##### Material provided

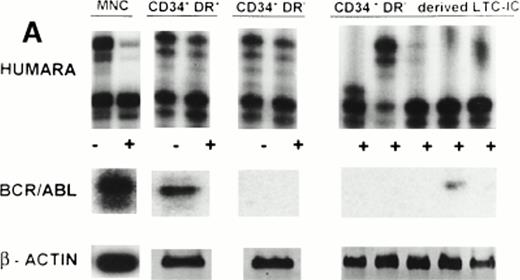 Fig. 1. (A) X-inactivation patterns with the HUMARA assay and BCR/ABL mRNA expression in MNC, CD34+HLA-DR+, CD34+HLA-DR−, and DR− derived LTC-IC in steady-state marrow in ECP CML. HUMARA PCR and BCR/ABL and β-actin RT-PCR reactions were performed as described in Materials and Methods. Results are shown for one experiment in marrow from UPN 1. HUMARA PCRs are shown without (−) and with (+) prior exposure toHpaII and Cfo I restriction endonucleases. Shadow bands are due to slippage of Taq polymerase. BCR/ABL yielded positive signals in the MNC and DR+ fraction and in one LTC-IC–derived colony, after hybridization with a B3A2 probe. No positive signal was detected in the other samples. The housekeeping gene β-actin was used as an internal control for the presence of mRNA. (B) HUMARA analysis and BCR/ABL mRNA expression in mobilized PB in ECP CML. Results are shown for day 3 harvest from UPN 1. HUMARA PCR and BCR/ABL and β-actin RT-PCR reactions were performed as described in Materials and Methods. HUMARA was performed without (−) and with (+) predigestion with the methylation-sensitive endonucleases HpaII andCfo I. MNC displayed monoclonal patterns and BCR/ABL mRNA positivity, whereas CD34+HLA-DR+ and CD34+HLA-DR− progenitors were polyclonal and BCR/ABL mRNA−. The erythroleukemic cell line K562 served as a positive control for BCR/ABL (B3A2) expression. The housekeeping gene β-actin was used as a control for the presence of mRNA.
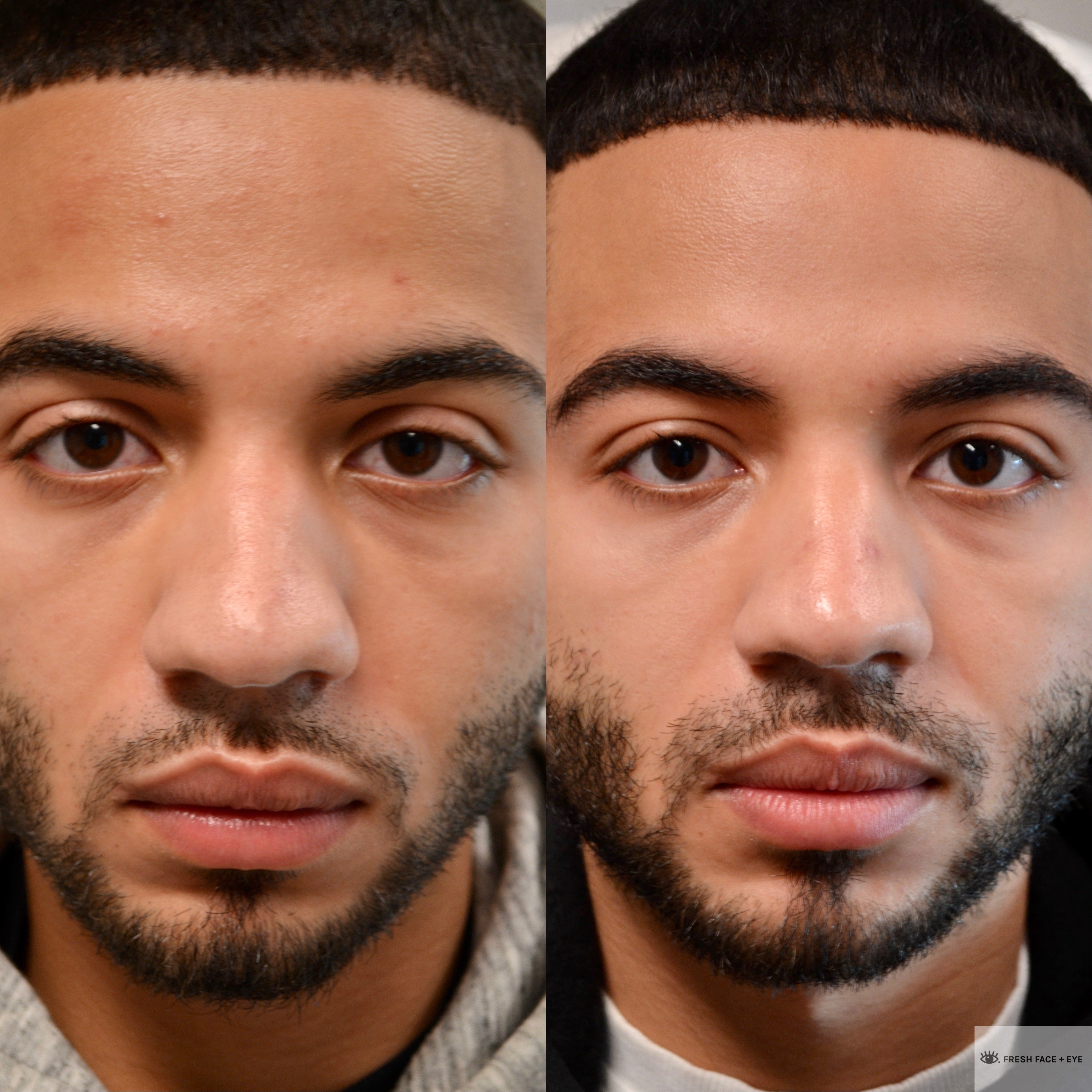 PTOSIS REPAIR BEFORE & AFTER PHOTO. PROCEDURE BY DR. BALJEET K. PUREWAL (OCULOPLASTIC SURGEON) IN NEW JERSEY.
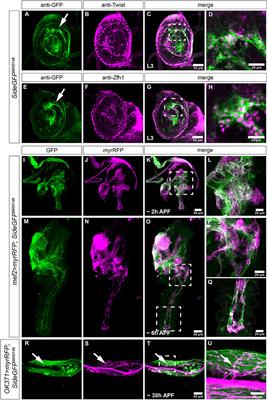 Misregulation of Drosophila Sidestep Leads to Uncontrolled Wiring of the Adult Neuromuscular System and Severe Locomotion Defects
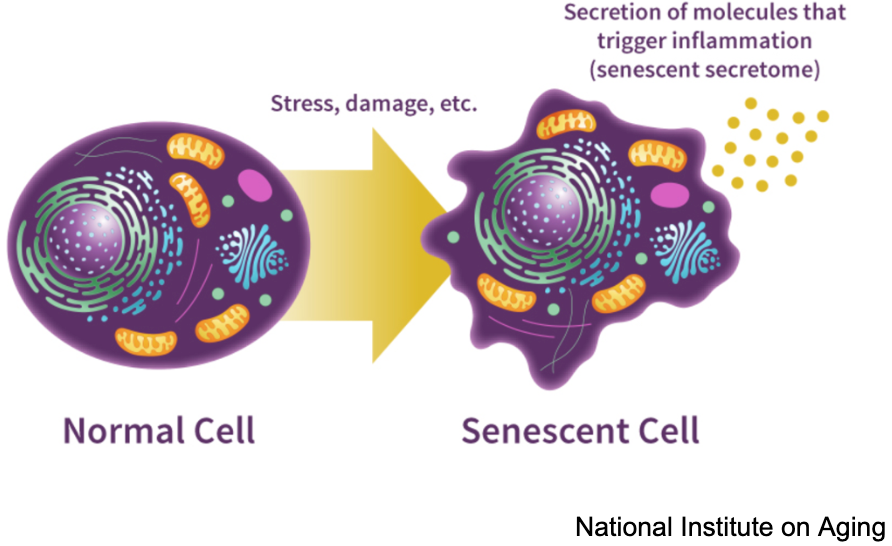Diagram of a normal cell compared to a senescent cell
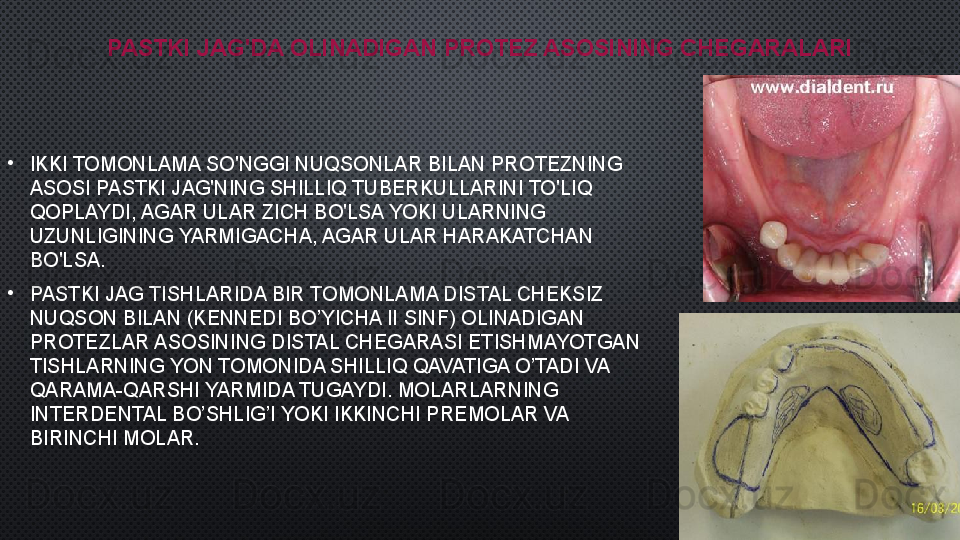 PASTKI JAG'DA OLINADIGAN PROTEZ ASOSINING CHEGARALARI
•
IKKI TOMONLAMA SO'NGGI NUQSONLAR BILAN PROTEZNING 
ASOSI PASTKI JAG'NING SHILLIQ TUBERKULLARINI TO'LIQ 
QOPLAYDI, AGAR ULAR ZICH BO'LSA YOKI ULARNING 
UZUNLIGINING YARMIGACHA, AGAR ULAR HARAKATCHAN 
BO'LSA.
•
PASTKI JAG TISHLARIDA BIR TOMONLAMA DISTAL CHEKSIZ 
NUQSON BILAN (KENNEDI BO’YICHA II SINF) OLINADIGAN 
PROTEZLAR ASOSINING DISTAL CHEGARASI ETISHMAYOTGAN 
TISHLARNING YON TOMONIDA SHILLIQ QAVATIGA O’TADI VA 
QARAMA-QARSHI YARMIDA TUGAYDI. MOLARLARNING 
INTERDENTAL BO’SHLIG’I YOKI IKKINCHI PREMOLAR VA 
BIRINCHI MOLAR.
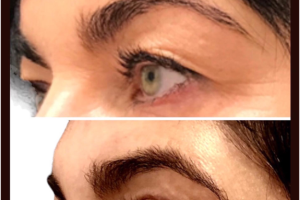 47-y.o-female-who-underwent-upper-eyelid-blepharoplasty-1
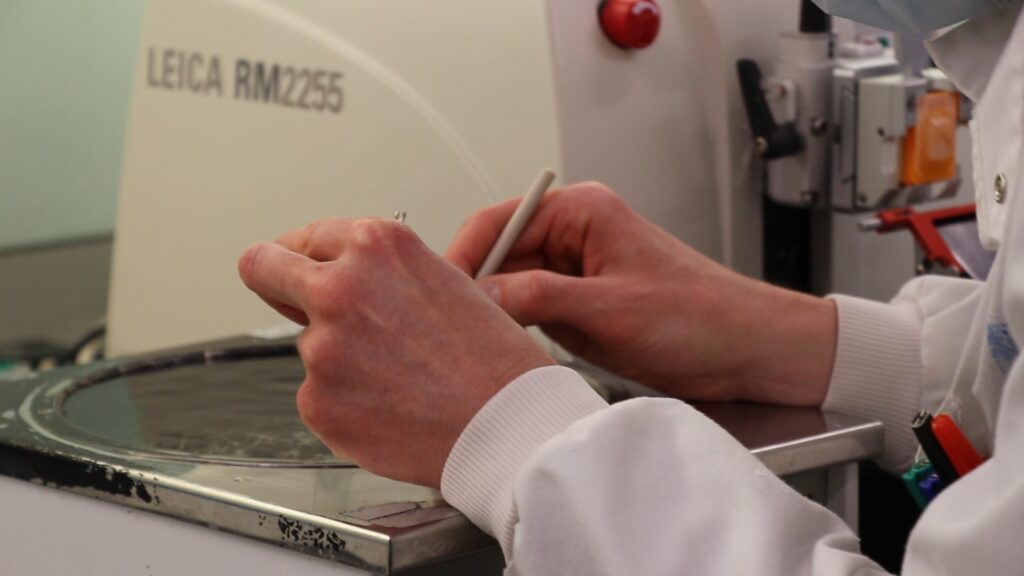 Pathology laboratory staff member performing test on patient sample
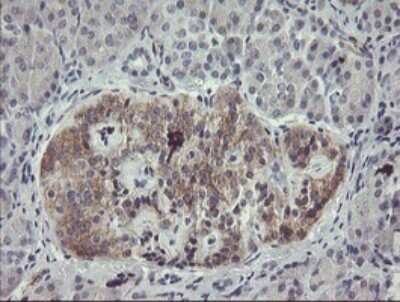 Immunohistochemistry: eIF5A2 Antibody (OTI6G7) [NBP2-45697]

##########

▸ Your instructions:
Exactly as they appear above, write out all the entries, but not the images.

▸ Task response:
 Fig. 1. (A) X-inactivation patterns with the HUMARA assay and BCR/ABL mRNA expression in MNC, CD34+HLA-DR+, CD34+HLA-DR−, and DR− derived LTC-IC in steady-state marrow in ECP CML. HUMARA PCR and BCR/ABL and β-actin RT-PCR reactions were performed as described in Materials and Methods. Results are shown for one experiment in marrow from UPN 1. HUMARA PCRs are shown without (−) and with (+) prior exposure toHpaII and Cfo I restriction endonucleases. Shadow bands are due to slippage of Taq polymerase. BCR/ABL yielded positive signals in the MNC and DR+ fraction and in one LTC-IC–derived colony, after hybridization with a B3A2 probe. No positive signal was detected in the other samples. The housekeeping gene β-actin was used as an internal control for the presence of mRNA. (B) HUMARA analysis and BCR/ABL mRNA expression in mobilized PB in ECP CML. Results are shown for day 3 harvest from UPN 1. HUMARA PCR and BCR/ABL and β-actin RT-PCR reactions were performed as described in Materials and Methods. HUMARA was performed without (−) and with (+) predigestion with the methylation-sensitive endonucleases HpaII andCfo I. MNC displayed monoclonal patterns and BCR/ABL mRNA positivity, whereas CD34+HLA-DR+ and CD34+HLA-DR− progenitors were polyclonal and BCR/ABL mRNA−. The erythroleukemic cell line K562 served as a positive control for BCR/ABL (B3A2) expression. The housekeeping gene β-actin was used as a control for the presence of mRNA.
 PTOSIS REPAIR BEFORE & AFTER PHOTO. PROCEDURE BY DR. BALJEET K. PUREWAL (OCULOPLASTIC SURGEON) IN NEW JERSEY.
 Misregulation of Drosophila Sidestep Leads to Uncontrolled Wiring of the Adult Neuromuscular System and Severe Locomotion Defects
Diagram of a normal cell compared to a senescent cell
 PASTKI JAG'DA OLINADIGAN PROTEZ ASOSINING CHEGARALARI
•
IKKI TOMONLAMA SO'NGGI NUQSONLAR BILAN PROTEZNING 
ASOSI PASTKI JAG'NING SHILLIQ TUBERKULLARINI TO'LIQ 
QOPLAYDI, AGAR ULAR ZICH BO'LSA YOKI ULARNING 
UZUNLIGINING YARMIGACHA, AGAR ULAR HARAKATCHAN 
BO'LSA.
•
PASTKI JAG TISHLARIDA BIR TOMONLAMA DISTAL CHEKSIZ 
NUQSON BILAN (KENNEDI BO’YICHA II SINF) OLINADIGAN 
PROTEZLAR ASOSINING DISTAL CHEGARASI ETISHMAYOTGAN 
TISHLARNING YON TOMONIDA SHILLIQ QAVATIGA O’TADI VA 
QARAMA-QARSHI YARMIDA TUGAYDI. MOLARLARNING 
INTERDENTAL BO’SHLIG’I YOKI IKKINCHI PREMOLAR VA 
BIRINCHI MOLAR.
 47-y.o-female-who-underwent-upper-eyelid-blepharoplasty-1
 Pathology laboratory staff member performing test on patient sample
 Immunohistochemistry: eIF5A2 Antibody (OTI6G7) [NBP2-45697]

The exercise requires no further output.